La fin du roman est d’une grande force et en même temps inattendue. Pour Richard elle était complètement inattendue. Il était renversé quand il l’a lu et émotionnellement submergé. Moi, j’étais encore en arrière de quelques chapitres et je n’étais pas encore prêt.
Mais en lui regardant dans les yeux j’ai tout de suite compris. "Il me semble que nous ferons le film", lui ai-je dit.

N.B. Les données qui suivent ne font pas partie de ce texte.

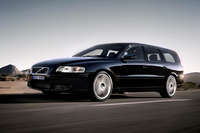 「ボルボV70」
    ステーションワゴンで名をはせたボルボの中核をなすのが、ミドルサイズの「V70」。1996年に「850」の後継車として登場した。現在は3代目が販売されているが、映画に使われているのは先代モデル。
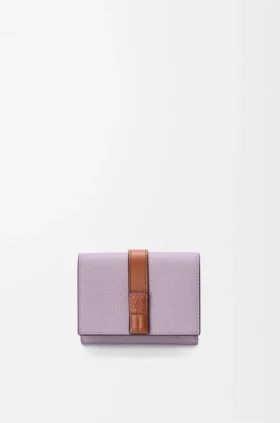 Cartera de tres pliegues en piel de becerro de grano suave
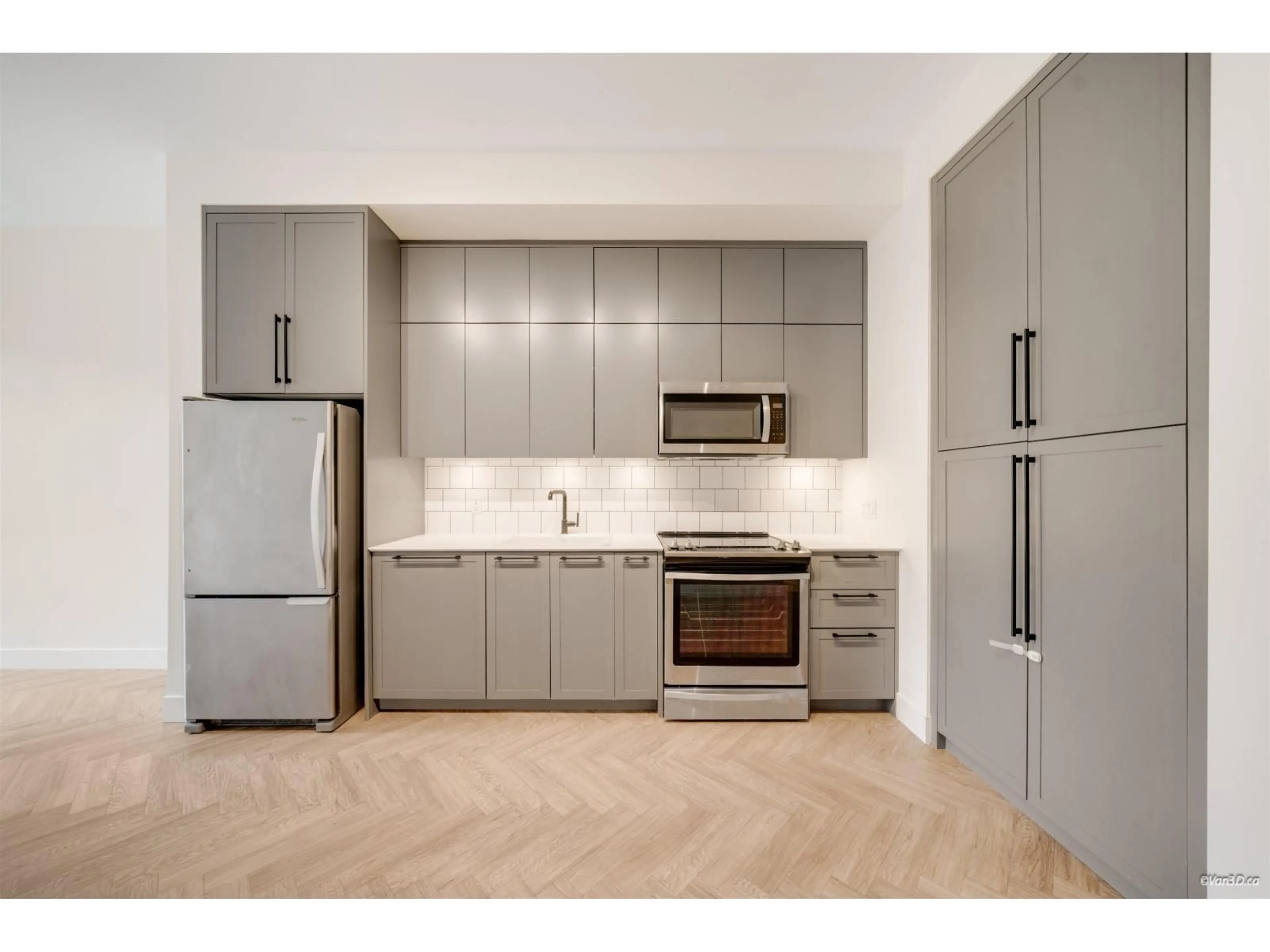 Standard kitchen, unknown for 114 - 10168 149 STREET, Surrey British Columbia V3R0E9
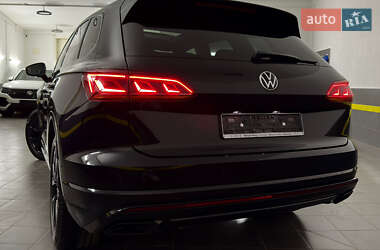 Позашляховик / Кросовер Volkswagen Touareg 2022 в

Propos recueillis à Wash Westmoreland, Los Angeles, le 1er septembre 2014
Sources
www.frenetic.ch
Mon opinion
Très difficile de parler de film.
Traiter d'un sujet tel que la maladie d'Alzheimer, en étant victime d'un autre mal tout aussi incurable, telle a été la dernière volonté de Richard Glatzer, décédé en mars 2015.
Coscénariste et coréalisateur avec son époux Wash Westmorelan, Richard Glatzer a eu la ténacité, le courage aussi, d'aller jusqu'au bout de leur entreprise commune malgré ce mal qui le rongeait, et le privait de ses fonctions essentielles.
Adapté du bestseller de Lisa Genova, le film ne sombre à aucun moment dans un pathos larmoyant.
La photographie de Denis Lenoir est magnifique.
Si la réalisation est sans surprise elle n'en reste pas moins d'une grande finesse. Et plus que tout, un témoignage frappant de véracité.
Certaines scènes sont très douloureuses. Celle, entre autres, dans laquelle Alice, encore consciente, se trouve "face à elle-même" via son ordinateur pour "se" laisser ses propres consignes à exécuter quand viendra le moment inéluctable. D'autres passages sont bouleversants. En particulier les scènes en famille, ou plus encore, avec sa fille rebelle, interprétée par Kristen Stewart. Les dernières images sont magnifiques d'amour et d'émotions mélangés.
La merveilleuse Julianne Moore s'impose dans ce rôle difficile avec une grande intelligence, une délicatesse toute particulière et force l'admiration.